In conclusion, Ankrd22 knockout increases the chemotaxis and immunosuppressive activity of PMN-MDSCs in local tumors and indirectly promotes the growth of ovarian cancer cells by inducing the formation of an immunosuppressive microenvironment. Thus, ANKRD22 is a potential drug target to reverse the immunosuppressive activity of PMN-MDSCs.
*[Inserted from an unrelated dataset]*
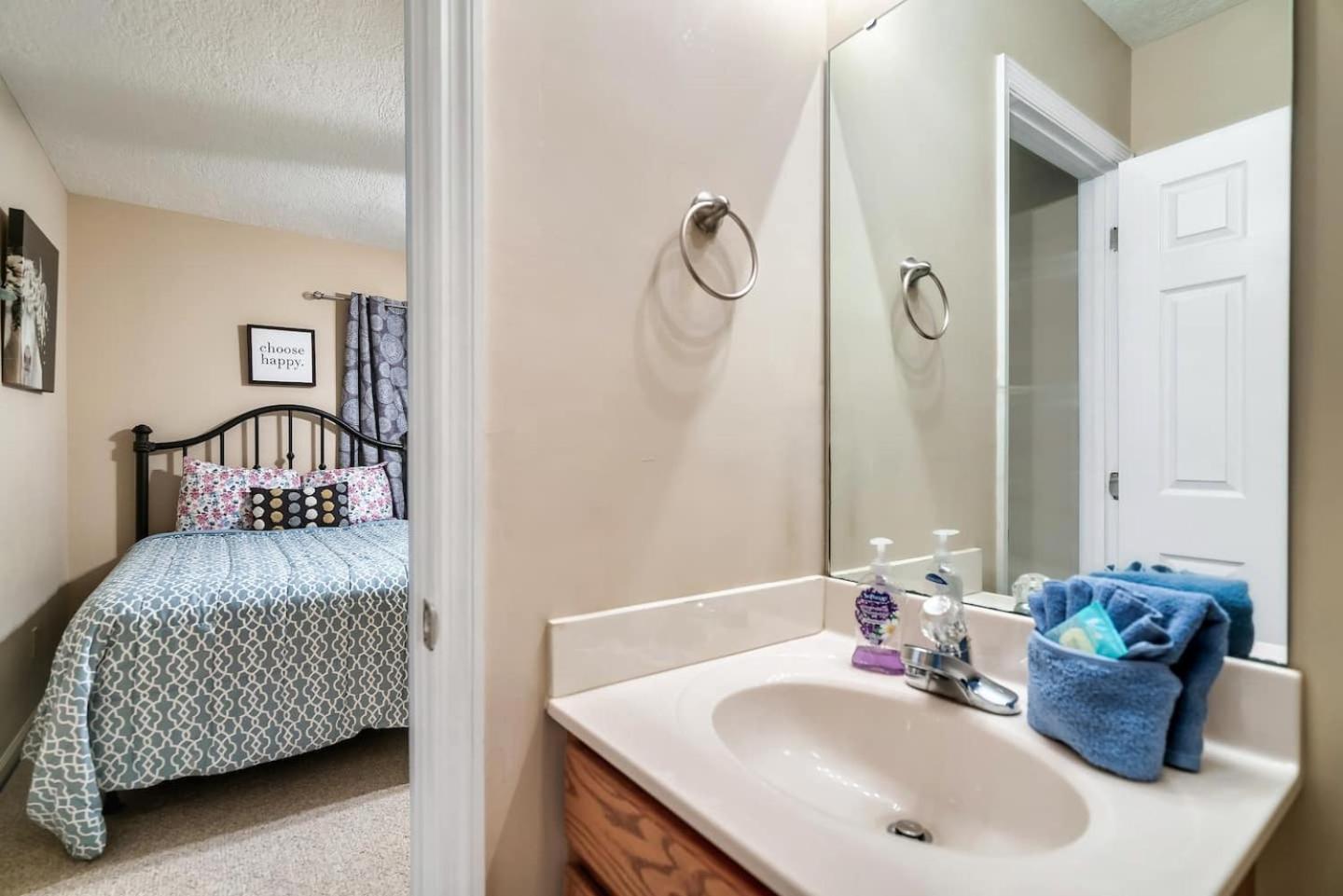 비둘기 포지 1 Mile To Pkwy, Pets, Hot Tub, Creekside, Porch 빌라 외부 사진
Data availability statement

Data are available on reasonable request. Not applicable.

Ethics statements

Patient consent for publication

Not applicable.

Ethics approval

All animal experiments were approved by the Second Affiliated Hospital of the Zhejiang University School of Medicine (Reference number: 2020-96) and the Medical Animal Ethics Committee of Zhejiang Chinese Medicine University (Reference number: IACUC-20210628-07). All samples were collected from the Second Affiliated Hospital of the Zhejiang University School of Medicine. This study was approved by the Ethics Committee of the Second Affiliated Hospital of the Zhejiang University School of Medicine (Reference number: 2022–0059).